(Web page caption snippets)
=== Section Start ===
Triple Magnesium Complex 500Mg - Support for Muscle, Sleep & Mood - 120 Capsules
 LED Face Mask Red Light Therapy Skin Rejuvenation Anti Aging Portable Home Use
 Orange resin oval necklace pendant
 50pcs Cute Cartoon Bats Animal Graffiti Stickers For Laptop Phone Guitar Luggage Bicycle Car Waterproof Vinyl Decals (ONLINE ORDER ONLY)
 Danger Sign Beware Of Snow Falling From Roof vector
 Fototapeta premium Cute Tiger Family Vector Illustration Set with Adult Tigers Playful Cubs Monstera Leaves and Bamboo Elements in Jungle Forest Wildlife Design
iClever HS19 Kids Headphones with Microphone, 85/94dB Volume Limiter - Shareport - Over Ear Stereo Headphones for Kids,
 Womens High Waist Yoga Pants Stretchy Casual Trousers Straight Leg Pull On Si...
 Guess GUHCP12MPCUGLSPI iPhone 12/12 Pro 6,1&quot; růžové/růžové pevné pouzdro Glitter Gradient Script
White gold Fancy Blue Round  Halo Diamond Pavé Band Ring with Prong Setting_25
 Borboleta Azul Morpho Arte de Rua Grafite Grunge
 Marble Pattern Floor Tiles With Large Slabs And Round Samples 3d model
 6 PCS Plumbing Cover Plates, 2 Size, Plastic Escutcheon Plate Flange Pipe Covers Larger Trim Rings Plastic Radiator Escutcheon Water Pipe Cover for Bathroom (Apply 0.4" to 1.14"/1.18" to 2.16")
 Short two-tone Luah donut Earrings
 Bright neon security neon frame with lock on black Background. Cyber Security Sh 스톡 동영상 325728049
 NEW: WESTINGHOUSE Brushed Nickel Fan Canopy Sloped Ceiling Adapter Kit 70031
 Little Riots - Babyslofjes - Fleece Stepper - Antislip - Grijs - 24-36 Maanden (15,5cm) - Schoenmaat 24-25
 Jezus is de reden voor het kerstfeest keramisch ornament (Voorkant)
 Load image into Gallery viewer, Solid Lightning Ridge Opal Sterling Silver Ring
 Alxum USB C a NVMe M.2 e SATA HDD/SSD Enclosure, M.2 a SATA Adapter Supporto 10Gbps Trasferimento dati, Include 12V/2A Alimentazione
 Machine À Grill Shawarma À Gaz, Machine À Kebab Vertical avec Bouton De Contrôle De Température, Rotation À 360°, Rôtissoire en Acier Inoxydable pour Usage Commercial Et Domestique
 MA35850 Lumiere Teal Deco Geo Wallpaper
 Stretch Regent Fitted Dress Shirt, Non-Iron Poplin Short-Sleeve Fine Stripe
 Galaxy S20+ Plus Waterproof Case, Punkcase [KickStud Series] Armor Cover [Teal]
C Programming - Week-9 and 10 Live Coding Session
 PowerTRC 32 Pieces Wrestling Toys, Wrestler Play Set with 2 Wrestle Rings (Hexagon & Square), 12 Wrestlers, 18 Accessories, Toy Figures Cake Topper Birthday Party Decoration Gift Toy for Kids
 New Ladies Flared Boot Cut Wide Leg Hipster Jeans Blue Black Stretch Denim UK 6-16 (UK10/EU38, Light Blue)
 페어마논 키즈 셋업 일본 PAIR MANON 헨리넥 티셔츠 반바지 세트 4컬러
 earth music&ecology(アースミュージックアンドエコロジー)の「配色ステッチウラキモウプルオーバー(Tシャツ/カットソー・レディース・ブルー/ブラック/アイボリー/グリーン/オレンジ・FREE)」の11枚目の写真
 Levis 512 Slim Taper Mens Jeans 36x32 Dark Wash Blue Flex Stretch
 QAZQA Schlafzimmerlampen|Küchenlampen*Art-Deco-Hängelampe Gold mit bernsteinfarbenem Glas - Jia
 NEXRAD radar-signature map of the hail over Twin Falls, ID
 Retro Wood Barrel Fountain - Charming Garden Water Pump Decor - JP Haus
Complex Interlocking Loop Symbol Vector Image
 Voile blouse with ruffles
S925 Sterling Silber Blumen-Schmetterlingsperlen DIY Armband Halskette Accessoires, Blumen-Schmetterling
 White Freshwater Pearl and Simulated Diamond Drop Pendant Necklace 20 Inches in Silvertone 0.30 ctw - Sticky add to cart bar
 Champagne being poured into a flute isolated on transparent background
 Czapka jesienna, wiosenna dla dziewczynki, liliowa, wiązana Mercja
=== Section End ===
▸ **WORK TO COMPLETE**:
Reproduce exactly, and only, the lines from the start of the entries through the one that contains "Danger Sign Beware".

▸ **ANSWER SECTION**:
Triple Magnesium Complex 500Mg - Support for Muscle, Sleep & Mood - 120 Capsules
 LED Face Mask Red Light Therapy Skin Rejuvenation Anti Aging Portable Home Use
 Orange resin oval necklace pendant
 50pcs Cute Cartoon Bats Animal Graffiti Stickers For Laptop Phone Guitar Luggage Bicycle Car Waterproof Vinyl Decals (ONLINE ORDER ONLY)
 Danger Sign Beware Of Snow Falling From Roof vector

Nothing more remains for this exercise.